**THE TASK**
Without skipping a line, reproduce the entries exactly.
>>>
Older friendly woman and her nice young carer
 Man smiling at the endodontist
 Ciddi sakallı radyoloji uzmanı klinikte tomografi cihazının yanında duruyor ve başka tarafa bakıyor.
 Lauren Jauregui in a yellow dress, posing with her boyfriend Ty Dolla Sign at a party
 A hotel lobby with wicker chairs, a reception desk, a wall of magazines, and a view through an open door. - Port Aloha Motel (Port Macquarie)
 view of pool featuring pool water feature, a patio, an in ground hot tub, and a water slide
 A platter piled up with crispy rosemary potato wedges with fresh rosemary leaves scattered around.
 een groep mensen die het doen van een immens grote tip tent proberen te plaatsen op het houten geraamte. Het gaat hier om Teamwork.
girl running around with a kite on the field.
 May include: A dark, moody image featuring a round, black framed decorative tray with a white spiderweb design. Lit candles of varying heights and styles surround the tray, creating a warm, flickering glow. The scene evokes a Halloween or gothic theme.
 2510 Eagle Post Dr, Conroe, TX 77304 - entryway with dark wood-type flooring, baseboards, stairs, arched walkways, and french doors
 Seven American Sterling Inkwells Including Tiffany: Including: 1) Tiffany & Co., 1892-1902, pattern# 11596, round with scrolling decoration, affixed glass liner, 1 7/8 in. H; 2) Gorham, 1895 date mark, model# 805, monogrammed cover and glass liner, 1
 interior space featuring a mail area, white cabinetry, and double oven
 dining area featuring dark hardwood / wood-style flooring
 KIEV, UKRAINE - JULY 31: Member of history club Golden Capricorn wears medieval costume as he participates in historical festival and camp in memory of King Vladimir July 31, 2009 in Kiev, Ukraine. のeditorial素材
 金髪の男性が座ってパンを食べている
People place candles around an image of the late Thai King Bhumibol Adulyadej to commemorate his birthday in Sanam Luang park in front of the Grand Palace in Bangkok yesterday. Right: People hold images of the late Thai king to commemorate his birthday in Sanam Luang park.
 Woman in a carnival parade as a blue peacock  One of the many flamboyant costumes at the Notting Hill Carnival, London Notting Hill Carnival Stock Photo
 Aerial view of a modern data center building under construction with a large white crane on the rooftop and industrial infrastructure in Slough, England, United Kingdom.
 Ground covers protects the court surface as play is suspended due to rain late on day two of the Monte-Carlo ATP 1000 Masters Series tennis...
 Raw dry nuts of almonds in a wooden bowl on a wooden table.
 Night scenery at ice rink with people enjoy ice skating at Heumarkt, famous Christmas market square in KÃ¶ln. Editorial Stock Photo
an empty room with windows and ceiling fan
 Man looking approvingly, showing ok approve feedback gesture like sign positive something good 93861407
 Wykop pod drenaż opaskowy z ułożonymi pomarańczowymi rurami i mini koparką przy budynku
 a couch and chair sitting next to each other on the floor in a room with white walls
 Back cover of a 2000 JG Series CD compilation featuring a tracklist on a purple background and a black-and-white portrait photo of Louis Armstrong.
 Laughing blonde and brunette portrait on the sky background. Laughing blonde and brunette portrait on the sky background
<<<
**FINAL ANSWER**
Older friendly woman and her nice young carer
 Man smiling at the endodontist
 Ciddi sakallı radyoloji uzmanı klinikte tomografi cihazının yanında duruyor ve başka tarafa bakıyor.
 Lauren Jauregui in a yellow dress, posing with her boyfriend Ty Dolla Sign at a party
 A hotel lobby with wicker chairs, a reception desk, a wall of magazines, and a view through an open door. - Port Aloha Motel (Port Macquarie)
 view of pool featuring pool water feature, a patio, an in ground hot tub, and a water slide
 A platter piled up with crispy rosemary potato wedges with fresh rosemary leaves scattered around.
 een groep mensen die het doen van een immens grote tip tent proberen te plaatsen op het houten geraamte. Het gaat hier om Teamwork.
girl running around with a kite on the field.
 May include: A dark, moody image featuring a round, black framed decorative tray with a white spiderweb design. Lit candles of varying heights and styles surround the tray, creating a warm, flickering glow. The scene evokes a Halloween or gothic theme.
 2510 Eagle Post Dr, Conroe, TX 77304 - entryway with dark wood-type flooring, baseboards, stairs, arched walkways, and french doors
 Seven American Sterling Inkwells Including Tiffany: Including: 1) Tiffany & Co., 1892-1902, pattern# 11596, round with scrolling decoration, affixed glass liner, 1 7/8 in. H; 2) Gorham, 1895 date mark, model# 805, monogrammed cover and glass liner, 1
 interior space featuring a mail area, white cabinetry, and double oven
 dining area featuring dark hardwood / wood-style flooring
 KIEV, UKRAINE - JULY 31: Member of history club Golden Capricorn wears medieval costume as he participates in historical festival and camp in memory of King Vladimir July 31, 2009 in Kiev, Ukraine. のeditorial素材
 金髪の男性が座ってパンを食べている
People place candles around an image of the late Thai King Bhumibol Adulyadej to commemorate his birthday in Sanam Luang park in front of the Grand Palace in Bangkok yesterday. Right: People hold images of the late Thai king to commemorate his birthday in Sanam Luang park.
 Woman in a carnival parade as a blue peacock  One of the many flamboyant costumes at the Notting Hill Carnival, London Notting Hill Carnival Stock Photo
 Aerial view of a modern data center building under construction with a large white crane on the rooftop and industrial infrastructure in Slough, England, United Kingdom.
 Ground covers protects the court surface as play is suspended due to rain late on day two of the Monte-Carlo ATP 1000 Masters Series tennis...
 Raw dry nuts of almonds in a wooden bowl on a wooden table.
 Night scenery at ice rink with people enjoy ice skating at Heumarkt, famous Christmas market square in KÃ¶ln. Editorial Stock Photo
an empty room with windows and ceiling fan
 Man looking approvingly, showing ok approve feedback gesture like sign positive something good 93861407
 Wykop pod drenaż opaskowy z ułożonymi pomarańczowymi rurami i mini koparką przy budynku
 a couch and chair sitting next to each other on the floor in a room with white walls
 Back cover of a 2000 JG Series CD compilation featuring a tracklist on a purple background and a black-and-white portrait photo of Louis Armstrong.
 Laughing blonde and brunette portrait on the sky background. Laughing blonde and brunette portrait on the sky background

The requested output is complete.